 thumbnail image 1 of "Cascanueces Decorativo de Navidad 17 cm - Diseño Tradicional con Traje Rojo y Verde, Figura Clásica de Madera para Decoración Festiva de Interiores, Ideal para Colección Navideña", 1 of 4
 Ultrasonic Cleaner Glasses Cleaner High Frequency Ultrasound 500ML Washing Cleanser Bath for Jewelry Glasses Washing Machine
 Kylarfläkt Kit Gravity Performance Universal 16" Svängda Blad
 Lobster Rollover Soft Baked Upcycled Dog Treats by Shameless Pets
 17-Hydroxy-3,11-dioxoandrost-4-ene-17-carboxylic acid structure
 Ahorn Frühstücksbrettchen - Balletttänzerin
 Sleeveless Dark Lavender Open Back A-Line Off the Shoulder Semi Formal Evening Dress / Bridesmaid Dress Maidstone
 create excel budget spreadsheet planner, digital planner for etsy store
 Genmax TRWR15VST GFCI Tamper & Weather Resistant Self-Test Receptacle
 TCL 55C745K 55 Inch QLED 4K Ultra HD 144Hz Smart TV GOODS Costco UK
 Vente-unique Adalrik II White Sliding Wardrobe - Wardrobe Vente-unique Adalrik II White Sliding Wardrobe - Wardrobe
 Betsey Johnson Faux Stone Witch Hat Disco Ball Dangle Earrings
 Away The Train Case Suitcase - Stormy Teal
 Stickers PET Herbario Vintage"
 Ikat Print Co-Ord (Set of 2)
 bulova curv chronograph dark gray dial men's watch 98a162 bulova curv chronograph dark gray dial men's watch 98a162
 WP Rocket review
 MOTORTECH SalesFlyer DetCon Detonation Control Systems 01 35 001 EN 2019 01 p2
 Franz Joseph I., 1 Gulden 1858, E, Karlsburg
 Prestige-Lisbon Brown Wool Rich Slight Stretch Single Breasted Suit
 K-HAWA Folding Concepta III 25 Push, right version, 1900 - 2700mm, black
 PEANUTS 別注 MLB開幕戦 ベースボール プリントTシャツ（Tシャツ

========================================================================

## Task instructions
Write the data above out again in full, exactly.

## Worked solution
 thumbnail image 1 of "Cascanueces Decorativo de Navidad 17 cm - Diseño Tradicional con Traje Rojo y Verde, Figura Clásica de Madera para Decoración Festiva de Interiores, Ideal para Colección Navideña", 1 of 4
 Ultrasonic Cleaner Glasses Cleaner High Frequency Ultrasound 500ML Washing Cleanser Bath for Jewelry Glasses Washing Machine
 Kylarfläkt Kit Gravity Performance Universal 16" Svängda Blad
 Lobster Rollover Soft Baked Upcycled Dog Treats by Shameless Pets
 17-Hydroxy-3,11-dioxoandrost-4-ene-17-carboxylic acid structure
 Ahorn Frühstücksbrettchen - Balletttänzerin
 Sleeveless Dark Lavender Open Back A-Line Off the Shoulder Semi Formal Evening Dress / Bridesmaid Dress Maidstone
 create excel budget spreadsheet planner, digital planner for etsy store
 Genmax TRWR15VST GFCI Tamper & Weather Resistant Self-Test Receptacle
 TCL 55C745K 55 Inch QLED 4K Ultra HD 144Hz Smart TV GOODS Costco UK
 Vente-unique Adalrik II White Sliding Wardrobe - Wardrobe Vente-unique Adalrik II White Sliding Wardrobe - Wardrobe
 Betsey Johnson Faux Stone Witch Hat Disco Ball Dangle Earrings
 Away The Train Case Suitcase - Stormy Teal
 Stickers PET Herbario Vintage"
 Ikat Print Co-Ord (Set of 2)
 bulova curv chronograph dark gray dial men's watch 98a162 bulova curv chronograph dark gray dial men's watch 98a162
 WP Rocket review
 MOTORTECH SalesFlyer DetCon Detonation Control Systems 01 35 001 EN 2019 01 p2
 Franz Joseph I., 1 Gulden 1858, E, Karlsburg
 Prestige-Lisbon Brown Wool Rich Slight Stretch Single Breasted Suit
 K-HAWA Folding Concepta III 25 Push, right version, 1900 - 2700mm, black
 PEANUTS 別注 MLB開幕戦 ベースボール プリントTシャツ（Tシャツ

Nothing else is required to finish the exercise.